-- Opening Marker --

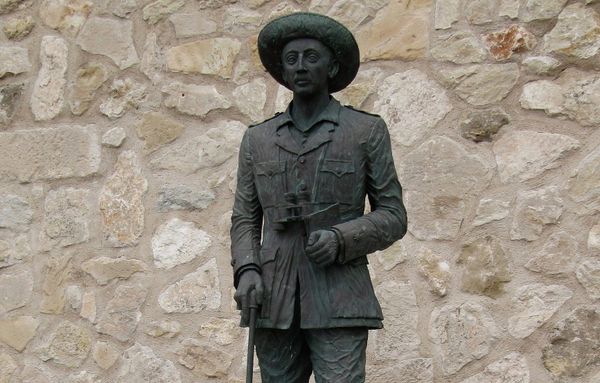Last Statue of Spanish Dictator Franco Comes Down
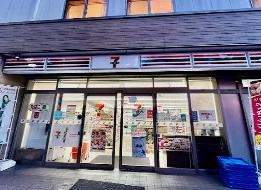 コンビニ　セブンイレブン杉並堀ノ内3丁目店（コンビニ）まで482m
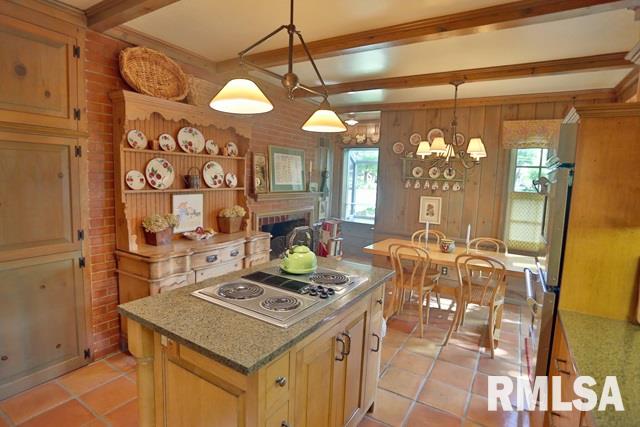 387 East High Point Road Peoria, IL 61614 - Photo 14 of 36 Gallery Image 14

-- Closing Marker --

A faithful copy is needed: reproduce all of the data above, leaving the pictures out.

Last Statue of Spanish Dictator Franco Comes Down
 コンビニ　セブンイレブン杉並堀ノ内3丁目店（コンビニ）まで482m
 387 East High Point Road Peoria, IL 61614 - Photo 14 of 36 Gallery Image 14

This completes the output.